We were fascinated yesterday to see this massive machine come down the road, pull out the fence post in the field behind us, roll onto the field and then replace the fence post back in the ground. The machine wasn’t like anything we’d seen before so we watched it rumble across the field to the trees behind it and it started pulling up the smaller trees!

There’s been a lot of tree felling going on. Some eucalyptus plantations have been felled – but I think the land they are clearing behind us is because the councils are fining people for not keeping land clear as part of a drive to stop wild fires. Unless the land is designated for plantations, it has to be kept clear and clean if it is with x number of meters of houses or a fire break of x meters has to be in place.

The trees they are taking down behind us are pine and don’t look as though they were plantation trees (they aren’t in rows). Several have fallen down over the years and not cleared away, so it would have been a bit of a wild fire risk.

Anyway, we watched as this machine plucked smaller trees and then carefully laid them down side by side. Then someone with a chainsaw started cutting the bigger trees and this machine moved them and stacked them. I think there were two people working, the operator of the machine and the chainsaw person. They’d pretty much cleared it in a day. I wonder how many people would have been used in the past – or how much time it would have taken.

And then this morning I saw this where eucalyptus trees are being cleared. It’s like a massive pencil sharpener! The trees get fed into where the arrow is and then they get rolled around and all their branches get cut off. Ready to be taken away.

It’s very interesting watching the land getting cleared. It’s like it would have looked 70 or so years ago. Houses are appearing which were ‘lost’ among the trees.

I’ve thought before how the eucalyptus are like a reservoir in reverse. Instead of valleys getting flooded, the hills get ‘raised’. I think the trees get to about 20 meters before they are harvested – so the whole landscape was basically raised by this amount!

This is a great example – the yellow line is where the hill top would have originally been pre-eucalyptus. So the horizon really has changed:

The walk I take in the morning has changed and has opened up tremendously. There are views where there were trees before and there’s certainly a couple of houses which would have been in the shadows of trees now having 180 degree sea views! I can see old walls and tracks which were previously hidden.

It appears that people either love or hate the eucalyptus, with perhaps the people who like them being limited to people who work or profit from the wood business (which is by no means insignificant) and the land owners who grow them for profit. I’m sort of neutral as it’s all we’ve known, but before we moved here I was very aware of the wild fire risk, and we didn’t view houses which were too close to eucalyptus trees. Some councils are encouraging the eucalyptus to be replaced with other crops like avocado (which would be great!).
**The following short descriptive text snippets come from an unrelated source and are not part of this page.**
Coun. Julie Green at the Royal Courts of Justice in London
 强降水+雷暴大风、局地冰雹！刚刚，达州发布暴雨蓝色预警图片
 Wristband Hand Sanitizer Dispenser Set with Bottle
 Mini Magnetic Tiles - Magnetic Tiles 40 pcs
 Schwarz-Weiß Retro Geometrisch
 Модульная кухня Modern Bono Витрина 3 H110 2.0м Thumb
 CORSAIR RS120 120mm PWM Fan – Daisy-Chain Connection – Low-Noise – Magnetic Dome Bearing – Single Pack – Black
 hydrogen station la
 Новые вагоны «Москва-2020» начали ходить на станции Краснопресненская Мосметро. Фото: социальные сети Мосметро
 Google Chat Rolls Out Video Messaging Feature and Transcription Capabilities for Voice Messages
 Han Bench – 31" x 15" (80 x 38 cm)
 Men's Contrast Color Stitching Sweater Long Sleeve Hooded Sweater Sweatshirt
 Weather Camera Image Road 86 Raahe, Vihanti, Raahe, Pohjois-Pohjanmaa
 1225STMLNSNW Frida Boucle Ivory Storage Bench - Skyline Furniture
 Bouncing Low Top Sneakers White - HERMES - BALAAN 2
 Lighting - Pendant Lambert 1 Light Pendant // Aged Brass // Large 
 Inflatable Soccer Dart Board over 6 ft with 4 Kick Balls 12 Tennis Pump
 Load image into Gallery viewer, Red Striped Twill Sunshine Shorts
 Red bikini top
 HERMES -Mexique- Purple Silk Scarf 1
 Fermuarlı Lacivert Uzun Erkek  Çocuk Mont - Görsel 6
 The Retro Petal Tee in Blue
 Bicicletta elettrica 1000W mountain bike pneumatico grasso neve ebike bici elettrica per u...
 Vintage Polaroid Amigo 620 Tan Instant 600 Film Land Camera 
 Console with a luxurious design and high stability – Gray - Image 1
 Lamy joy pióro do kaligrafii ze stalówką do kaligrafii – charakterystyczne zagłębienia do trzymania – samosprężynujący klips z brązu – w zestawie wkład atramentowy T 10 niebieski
One big challenge though that the wood felling creates is the massive machinery wrecks the roads and can completely wipe out unsurfaced tracks. The felling companies are responsible for making the roads right again or paying fines – but this rarely happens. Councils where this is a big problem (there was one village which became inaccessible as all roads to the village were severely damaged by machinery) now enforce the big machines to have tracking devices so if roads or tracks are damaged, they know who to get in touch with to get fixed or fined.

So it will be interesting to see what happens now, both in the land behind us and whether the eucalyptus that’s been cleared is replanted with eucalyptus or something else.